# WHAT NEEDS TO BE DONE
Given the entries below, would you transcribe exactly the lines starting at the one with "Round neck long" and ending at the one with "Woman Cooking Food", both kept, pictures omitted, nothing extra?

*** MATERIAL FOR THIS TASK Section Begins ***

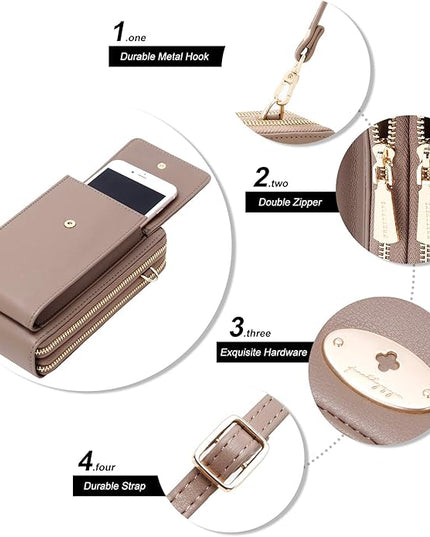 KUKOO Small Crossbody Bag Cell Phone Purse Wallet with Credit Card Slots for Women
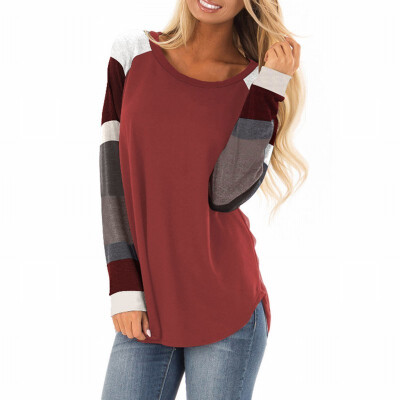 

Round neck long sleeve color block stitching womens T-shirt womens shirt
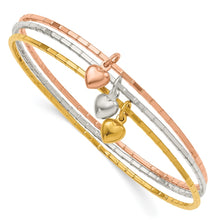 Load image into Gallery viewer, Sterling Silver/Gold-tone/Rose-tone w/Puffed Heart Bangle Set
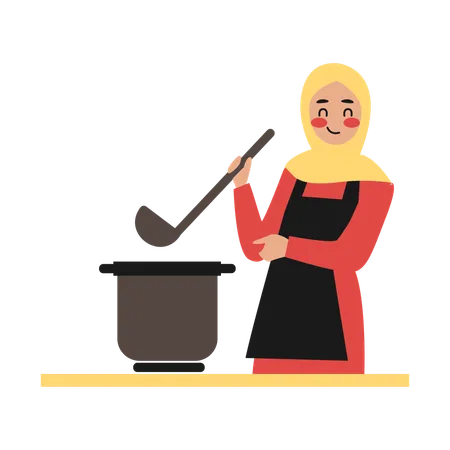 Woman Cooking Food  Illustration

*** MATERIAL FOR THIS TASK Section Ends ***
*** MATERIAL FOR THIS TASK Section Begins ***

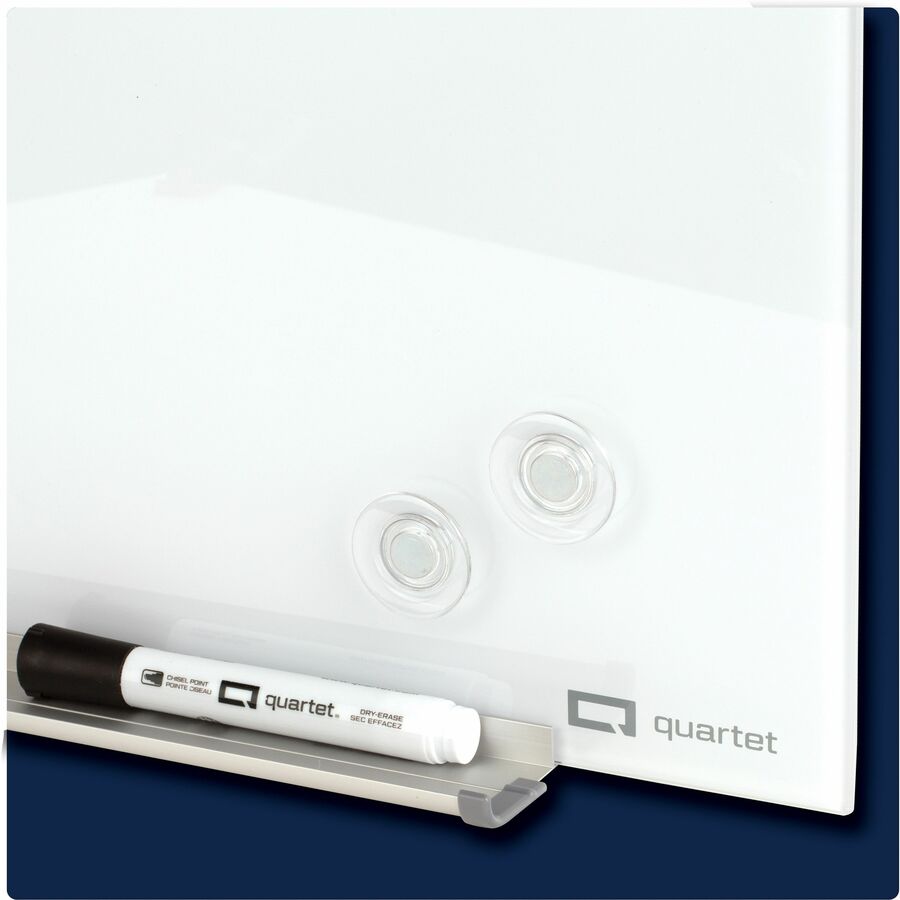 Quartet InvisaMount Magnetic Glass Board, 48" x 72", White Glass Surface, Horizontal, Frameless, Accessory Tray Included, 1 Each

*** MATERIAL FOR THIS TASK Section Ends ***

# WRITTEN ANSWER
Round neck long sleeve color block stitching womens T-shirt womens shirt
 Load image into Gallery viewer, Sterling Silver/Gold-tone/Rose-tone w/Puffed Heart Bangle Set
 Woman Cooking Food  Illustration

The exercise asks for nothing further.